Plugging the above into the formula for , we get
The calculations for and
are below
I will now calculate ,
, and
since they all flow through the
node.
The calculation of the first term on the right hand side of the equation above is a bit more involved since affects the error through both
and
.
Plugging the above into the formula for , we get
The calculations for and
are below
The final error derivative we have to calculate is , which is done next
We now have all the error derivatives and we’re ready to make the parameter updates after the first iteration of backpropagation. We will use the learning rate of
So what do we do now? We repeat that over and over many times until the error goes down and the parameter estimates stabilize or converge to some values. We obviously won’t be going through all these calculations manually. I’ve provided Python code below that codifies the calculations above. Nowadays, we wouldn’t do any of these manually but rather use a machine learning package that is already readily available.
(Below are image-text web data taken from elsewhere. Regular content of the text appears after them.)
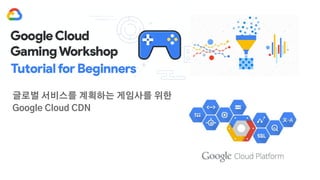 글로벌 서비스를 계획하는 게임사를 위한
Google Cloud CDN
 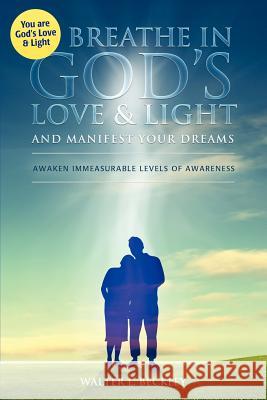 Breathe In God's Love and Light Walter L Beckley 9780972533768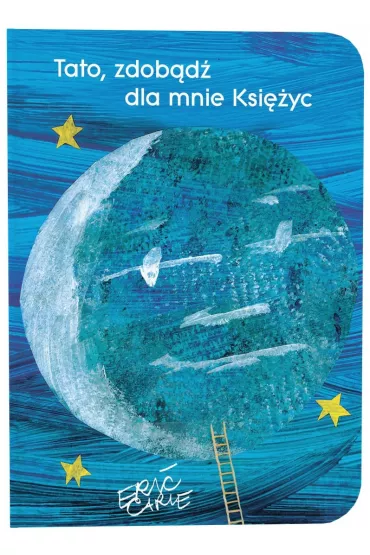 Tato zdob�d� dla mnie ksi�yc - Eric Carle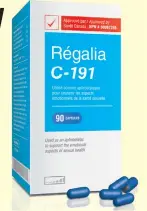  ??  ?? Fini les maux de tête, les rougeurs au visage et les étourdisse­ments. Le Régalia C-191 est 100% naturel et aussi efficace que le Viagra ou le Cialis.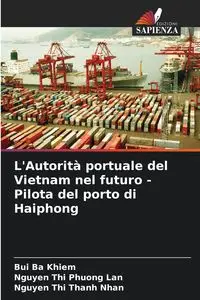 L'Autorità portuale del Vietnam nel futuro - Pilota del porto di Haiphong - Ba Khiem Bui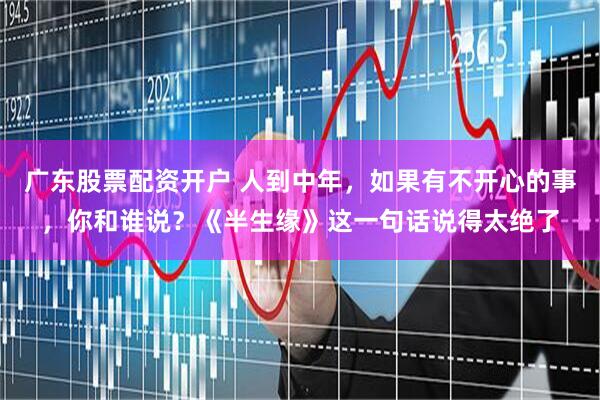 广东股票配资开户 人到中年，如果有不开心的事，你和谁说？《半生缘》这一句话说得太绝了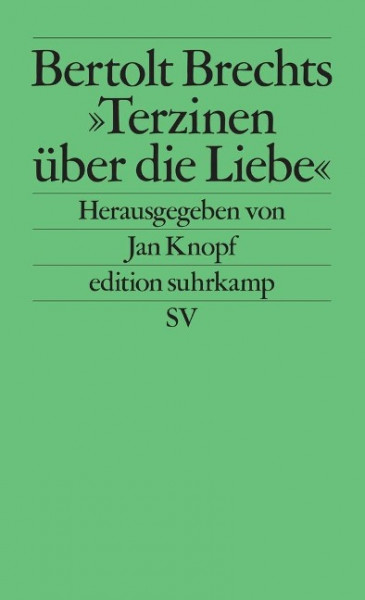 Bertolt Brechts ' Terzinen über die Liebe'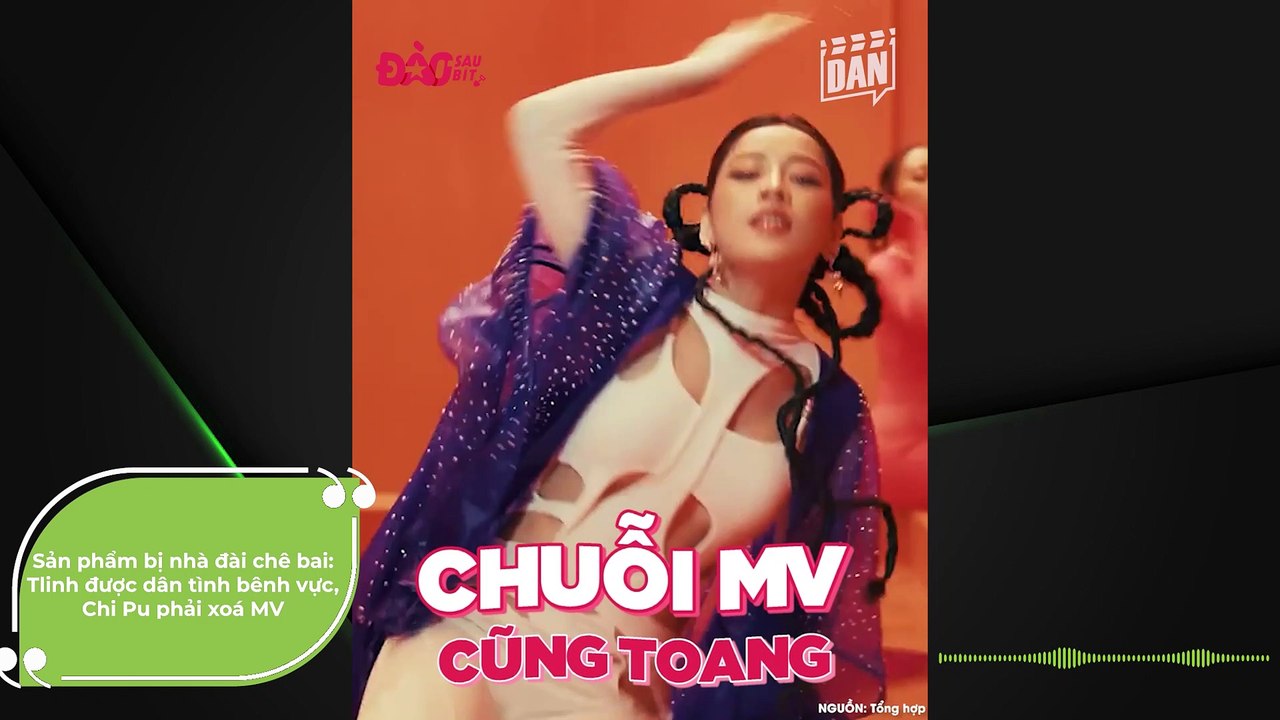 Sản phẩm bị nhà đài chê bai: Tlinh được dân tình bênh vực, Chi Pu phải xoá MV | Điện Ảnh Net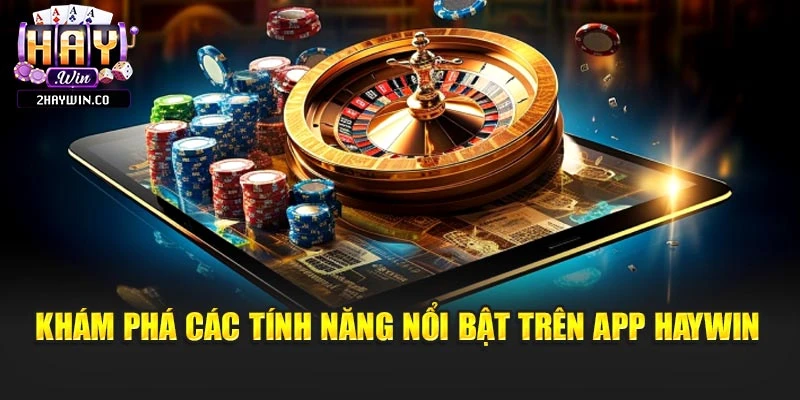 Khám phá các tính năng nổi bật trên app Haywin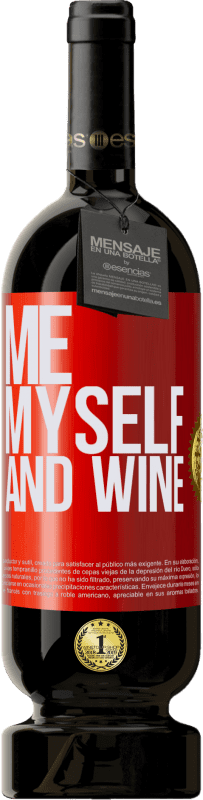 49,95 € | Rotwein Premium Ausgabe MBS® Reserve Me, myself and wine Rote Markierung. Anpassbares Etikett Reserve 12 Monate Ernte 2015 Tempranillo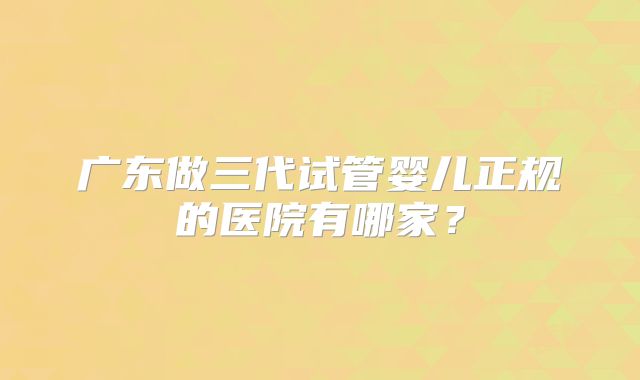 广东做三代试管婴儿正规的医院有哪家？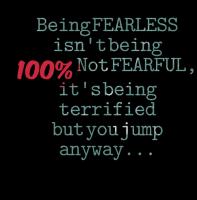 Fearlessness quote #2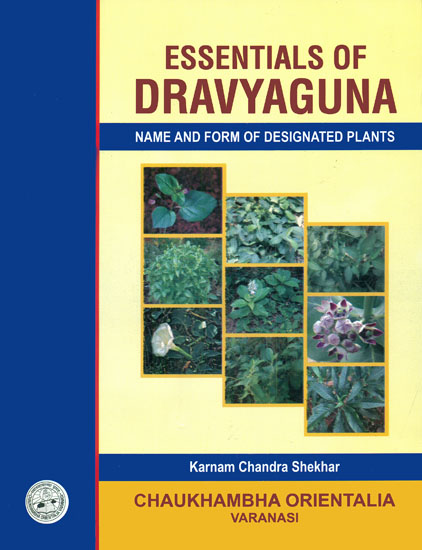 Essentials of Dravyaguna (Name and Form of Designated Plants)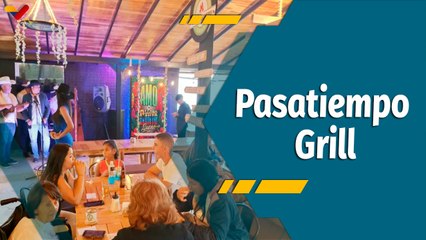 A Todo Motor por Venezuela | Pasatiempo Grill un ambiente con exquisito menú y una vista prodigiosa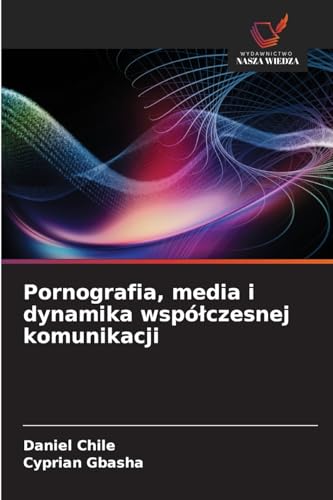 Pornografia, media i dynamika współczesnej komunikacji: DE von Wydawnictwo Nasza Wiedza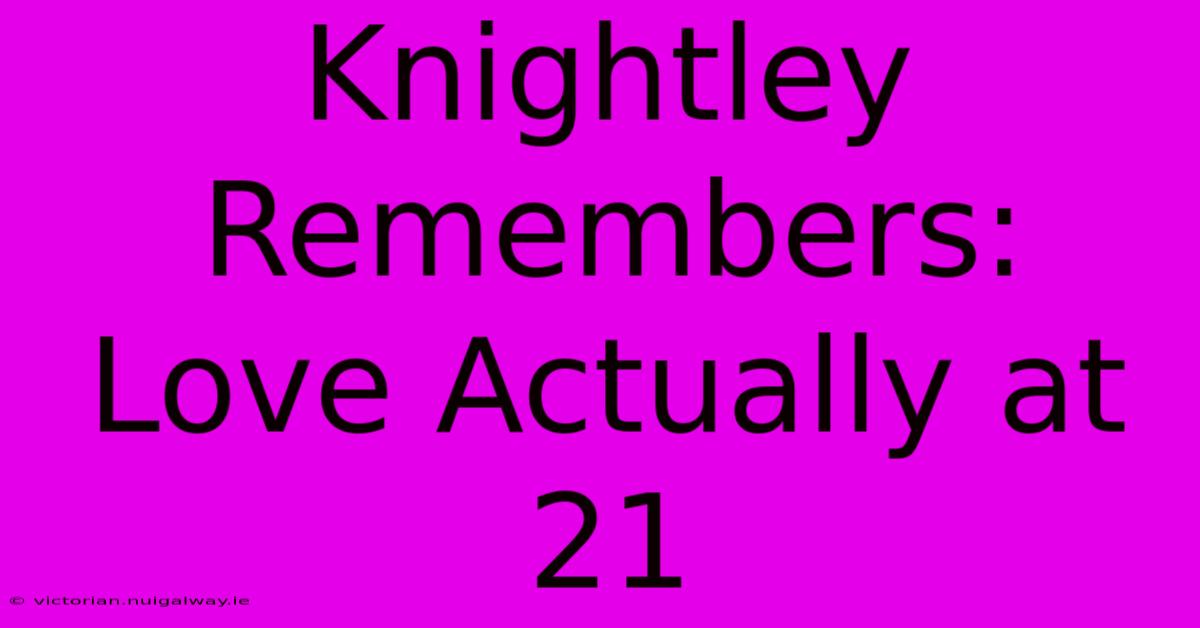 Knightley Remembers: Love Actually At 21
I ran 10,000 iterations and we see below that sum of squares error has dropped significantly after the first thousand or so iterations.
Thank you from the bottom of my heart for everything
I like this internet site because so much useful stuff on here : D.
Almost all of whatever you state is supprisingly appropriate and that makes me ponder the reason why I had not looked at this in this light before. This article really did turn the light on for me personally as far as this specific topic goes. Nonetheless at this time there is one issue I am not necessarily too comfy with and while I attempt to reconcile that with the actual central theme of the position, permit me see what the rest of the subscribers have to point out.Very well done.
Thank you from the bottom of my heart for everything
There are no words to show my appreciation!
And also:
( 0.7896 * 0.0983 * 0.7 * 0.0132 * 1) + ( 0.7504 * 1598 * 0.1 * 0.0049 * 1);
-> 0.5882953953632 not 0.0008
My bad, forget a 0. there
In your final calculation of db1, you chain derivates from w7 and w10, not w8 and w9, why?
I really love your article. It’s obvious that you have plenty of knowledge about this topic.Your points are well made as well as relatable. Thanks for writing engaging and interesting material.
nevermind, figured it out, you meant for t2 to equal .05 not .5.
thanks for the write-up.
how are you computing dE/do2 = .7504?
you state:
dE/do2 = o2 – t2
o2 = .8004
t2 = .5
therefore:
dE/do2 = (.8004) – (.5) = .3004 (not .7504)
am i missing something?
Thanks for the post. It explained backprop perfectly.